At the rear, a new bumper design gives the appearance of a broad, lower stance, with an integral diffuser adding to the car’s more sporting, self-confident road presence.

The lamp clusters feature a new LED graphic which adds to new Yaris’s personality, using light-guide technology to create a unique lighting signature.

The introduction of the new 2014 Yaris sees all versions – petrol, diesel and hybrid – sharing the same overall styling, with just a few subtle cues identifying each powertrain.

Elvio D’Aprile said: “The fact this project was managed entirely in Europe helped the final design enormously. We were able to hold daily discussions with engineering and product planning. Design elements that would normally have been rejected because they were incompatible with some preconception abut technical specifications, suddenly became negotiable. As a result were able to really carry our vision through from first proposals to the final car.”

Interior design

Pierre Romeo was in charge of the interior design for the new 2014 Yaris. He said: “The design is the result of three main objectives drawn from customer feedback. First, to enhance the feeling of roominess and dynamism in the cabin. Second to improve the sensory quality of the environment. And third, to combine an overall visual simplification with better colour variation and more sophisticated finishes.

The upper instrument panel has been made thinner, giving the dashboard a stronger horizontal line, and the upper surface of the driver’s instrument binnacle has been restyled to give a slimmer appearance. In conjunction with these changes, the door panel has also been redesigned with a more fluid look, a larger soft-touch area and greater functionality.

The centre console has been raised by 23mm so that the length of the gear lever can be reduced by 30mm, improving the ergonomics of gear changes. A closed storage area has also been added to the console.
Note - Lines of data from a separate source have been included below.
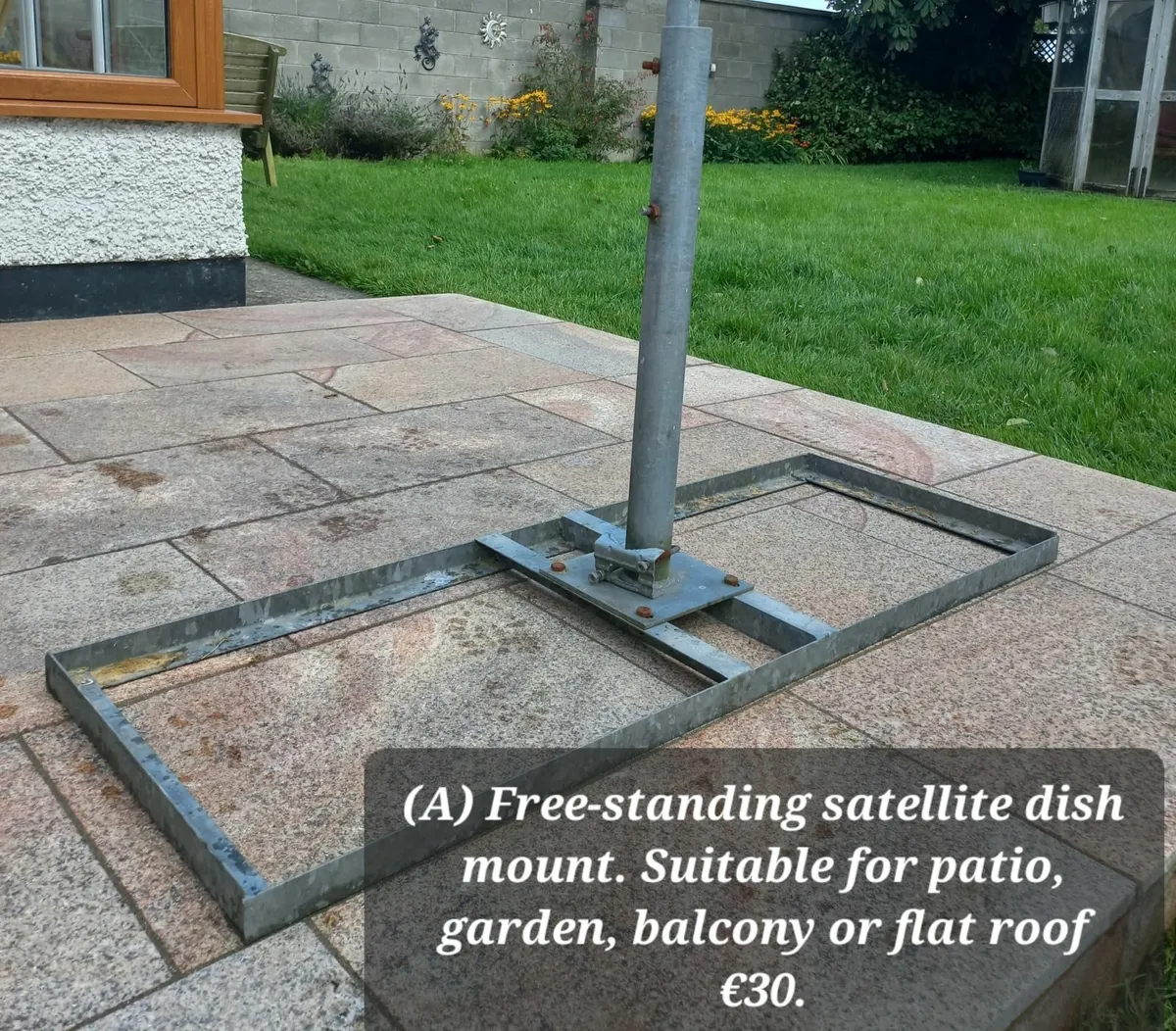 Satellite dish and stands - Image 1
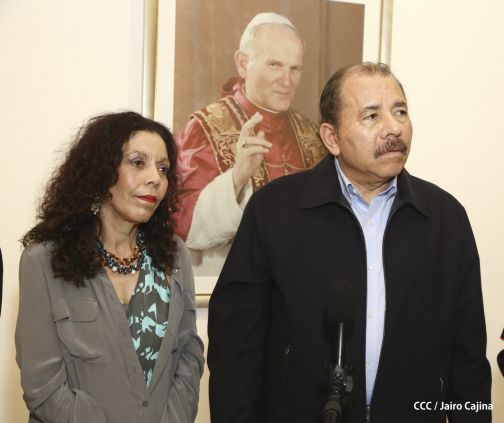 Daniel y Rosario inauguran el Museo San Juan Pablo II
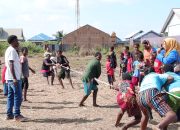 Tarik Tambang Bareng Warga Asmat, Cipayung Plus Merauke Gaungkan Persatuan
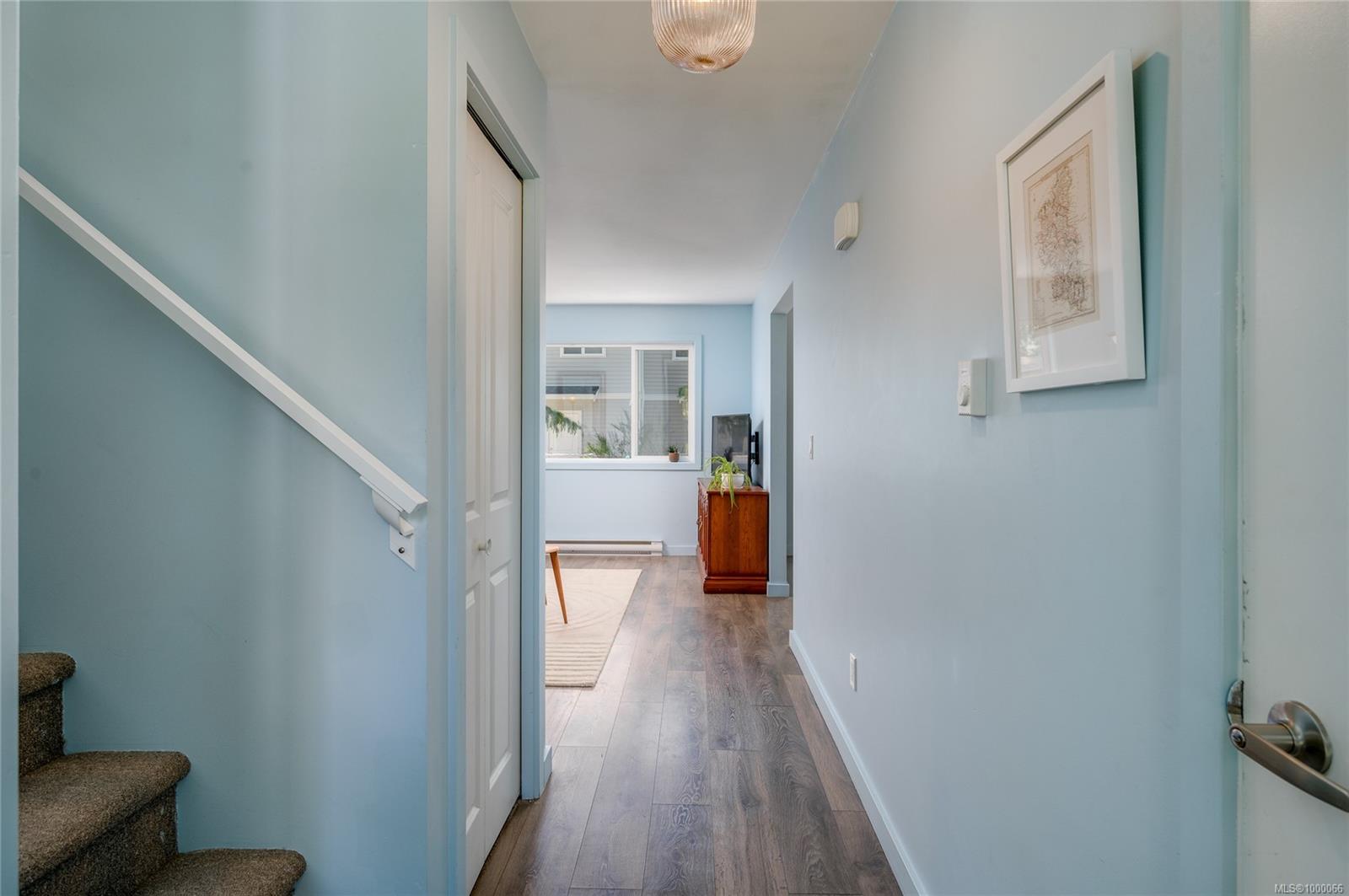 $384,900 - 1637 Bowen Rd<br>British Columbia, V9S 1G7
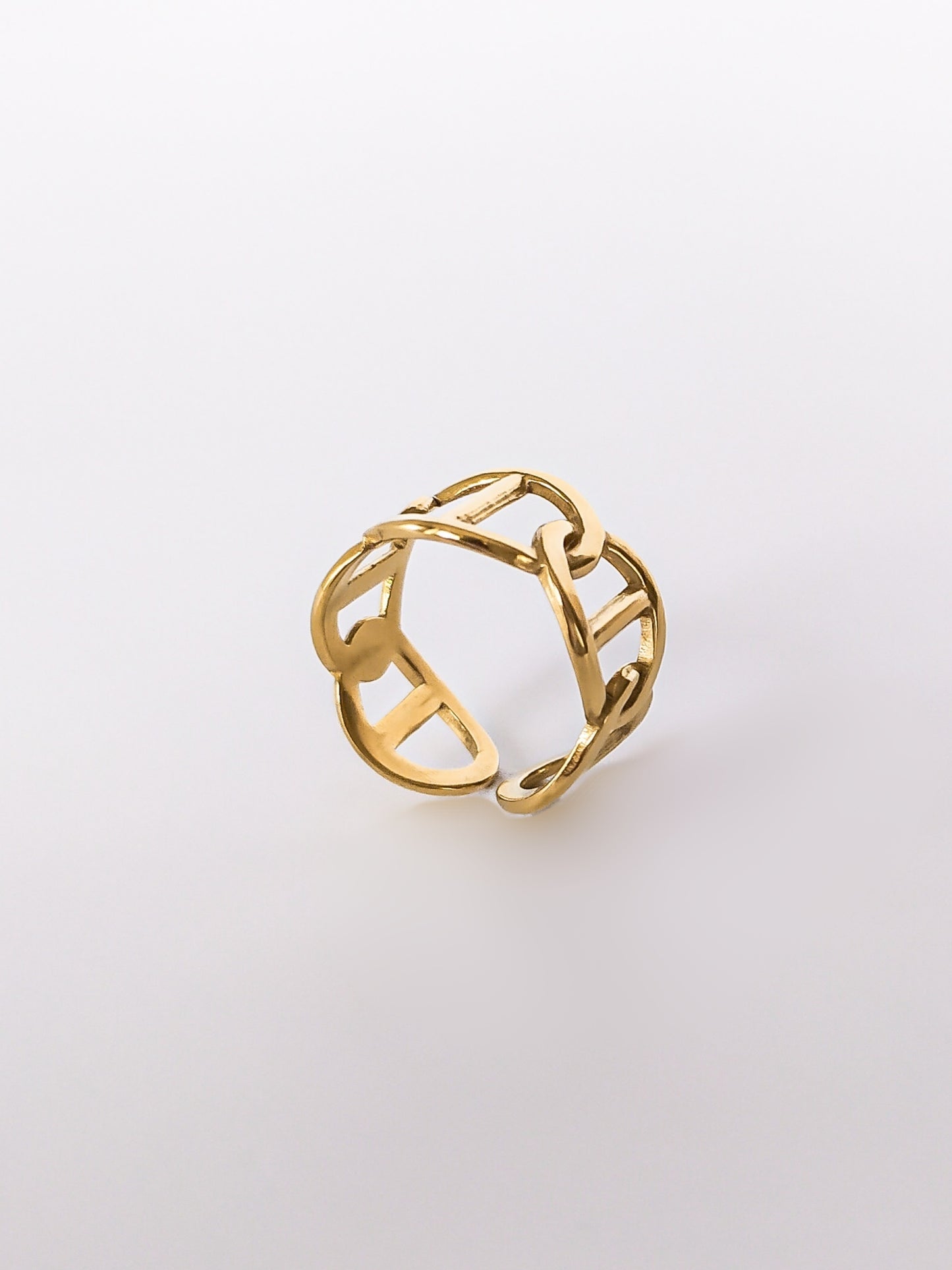 Diana ring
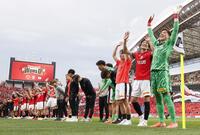 　試合後、サポーターの声援に応えるＧＫ西川（右端）ら浦和の選手たち＝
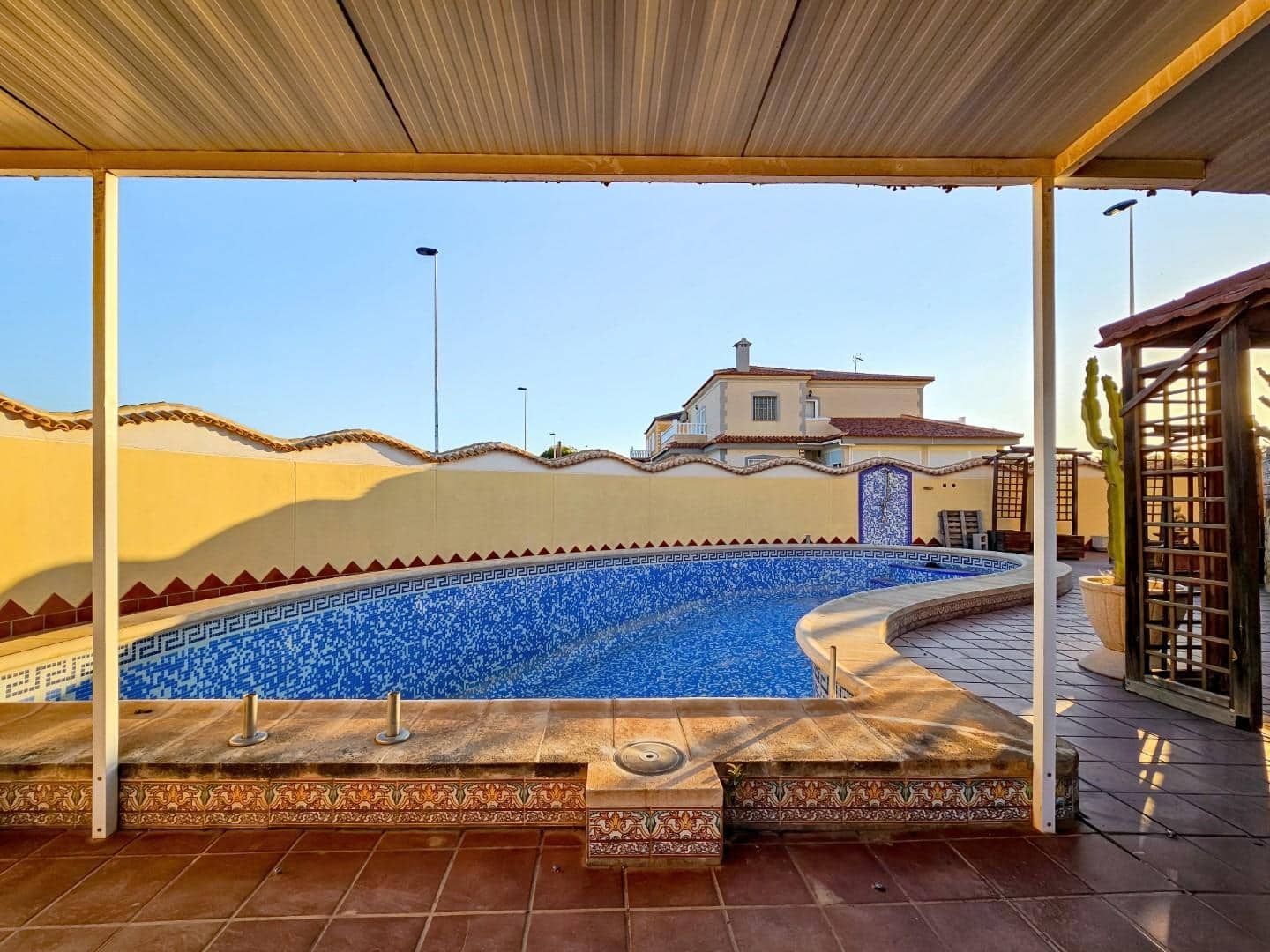 5 camera da letto Villa in vendita in Torrevieja con piscina garage - 990.000 € (Rif: 8610713)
Adopting the new Toyota Touch 2 multimedia systems has brought an increase in the size of the central touchscreen from 6.1 to seven inches, adding more visual emphasis to one of the features that sets Yaris apart.

The upper instrument panel has a new grain effect that has a better tactile quality and less glossy appearance. It is complemented by a thicker trim band.

Yaris’s trademark sculpted central dashboard panel has gained thicker soft padding and its surface is now made of PVC. Different graining patterns – Animal, Technical or Geometrical – are used according to model grade.

Around the cabin the soft-touch finishes cover a greater area. Throughout, the previous bright chrome trim has been replaced by a satin finish that gives a more modern and sophisticated appearance.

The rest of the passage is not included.